Dr Jessica Hutchings (Ngāi Tahu, Ngāti Huirapa, Gujarati), Kaupapa Māori Research Leader in the fields of environmental and Indigenous studies, Hua Parakore (Māori organic) farmer and researcher for Te Waka Kai Ora, Māori Organics Aotearoa, reflects on the importance of the Māori food sovereignty movement and the significance of Matariki in mindful food consumption and hauora.

Matariki provides an important opportunity for us all, students, teachers, whānau, communities, farmers and those of us who grow our own food, to consider sustainable food practices and how we can best act as kaitiaki of land and water in the ways that we grow and consume nourishment.

For Māori, it is also an opportunity to consider the Māori food sovereignty framework, and how we can be self-sufficient and sustainable in our food consumption as whānau, and as a community.

Traditionally, Matariki has been a time for Māori to remember our ancestors, those who have passed away, but also to focus energies on our relationship to whānau and to give thanks for harvested crops and other food sources. As such, it is also a perfect opportunity to consider food sovereignty.

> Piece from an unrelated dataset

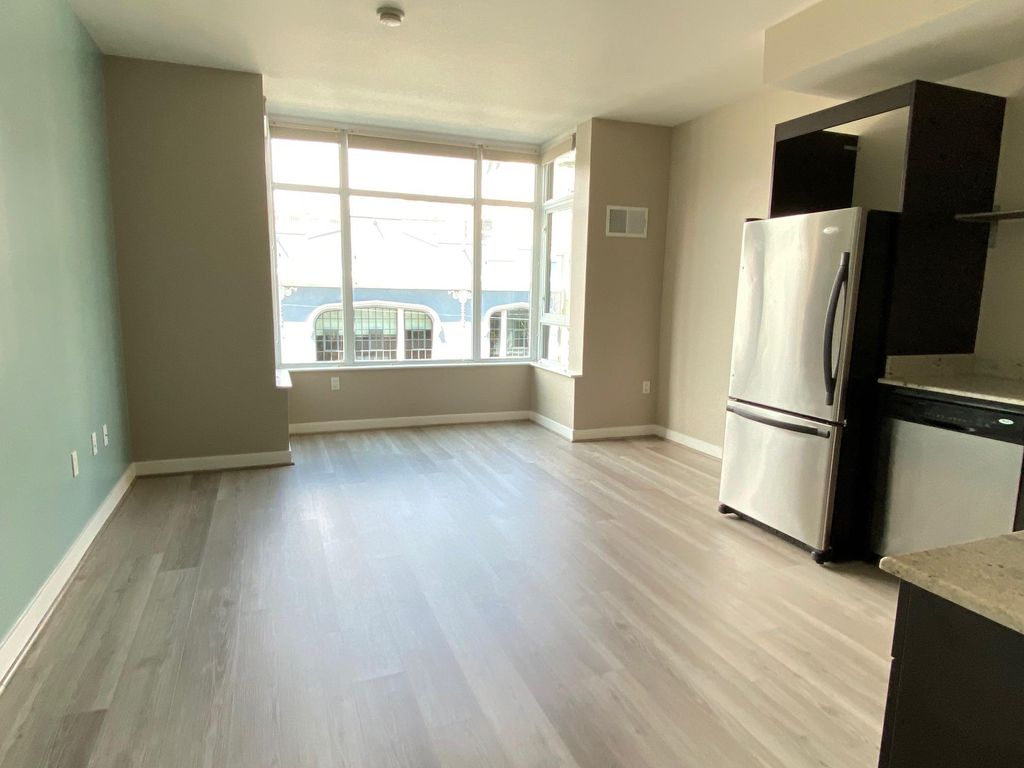 55 Page St #322, San Francisco, CA 94102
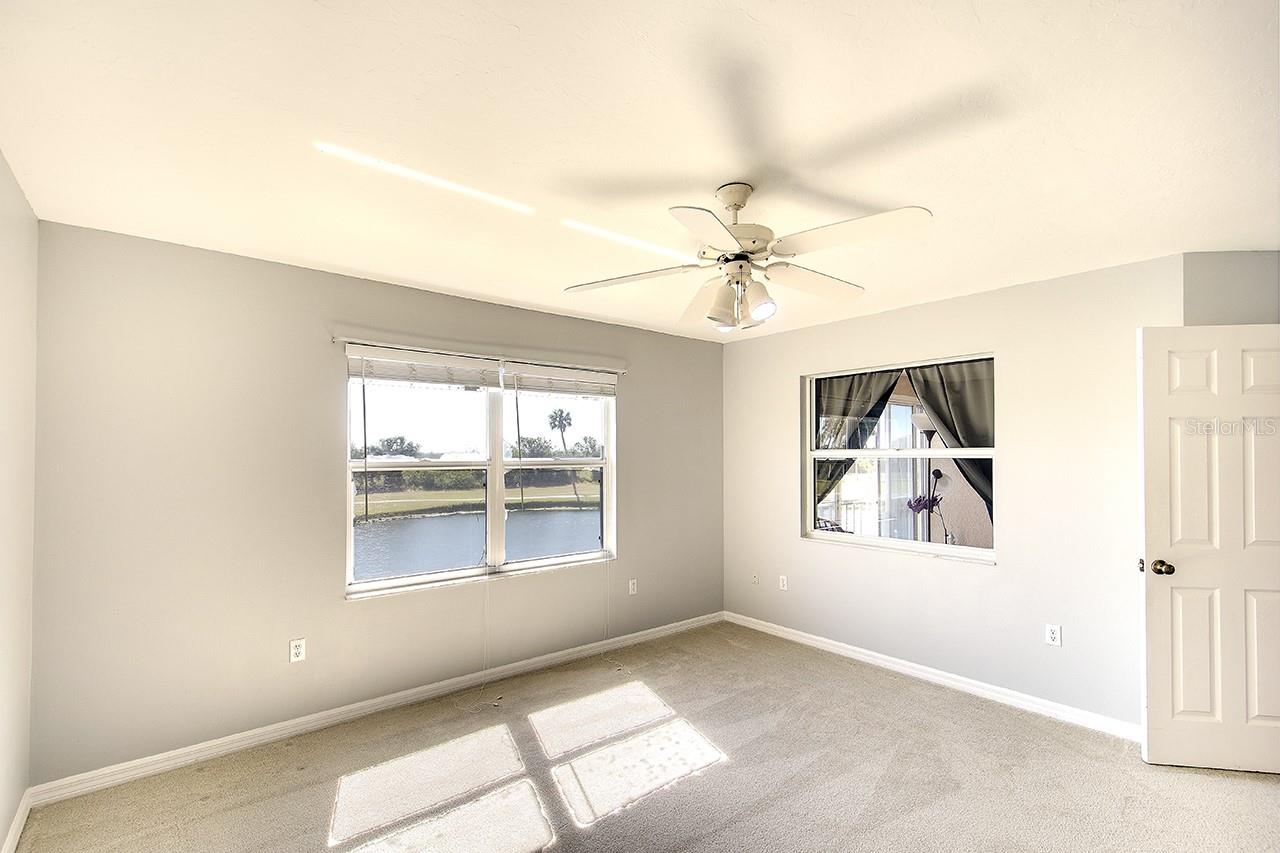 2608 WATERFORD WAY #B — photo 14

Te Waka Kai Ora asks whānau and hapū across Aotearoa to consider what it would mean to create food secure futures for Māori. How we can better support the small number of Māori organic and hua parakore growers here in Aotearoa, connect back to our own traditional foods through our own food cultures during Matariki, and create sustainable food systems through supporting a Māori food economy?

In order to support a Māori food economy, we need to take a step out of the dominant chain supermarkets, and we need to be looking at buying our food first and foremost through Māori producers. We need to encourage and support Māori agri-business, and a transition to organics, to hua parakore, or biologics, and more sustainable forms of farming.

Matariki is also an excellent time for whānau to create food plans for the year, and to be more mindful of our consumption, of how and what we eat, and where we source our kai from.

To create a food plan is to not live week-by-week in our consumption, but to think about participating in a sustainable food system which requires planning. To think about what we might want to do over the next 12 months as we come into Matariki and how we have been engaging with our food system.

Physical health for Māori is about being connected to the whenua. When we engage in Māori food systems, and when we are eating produce from Māori growers, or a particular hua parakore organic produce, we are not only getting the benefit of that hua (produce), but we are also getting those connected benefits of eating food from the land that’s being grown in a kaupapa Māori way.

Through Māori food sovereignty and hua parakore we can bring kaupapa Māori back into food production for the benefit and hauora of ourselves, our whānau and communities.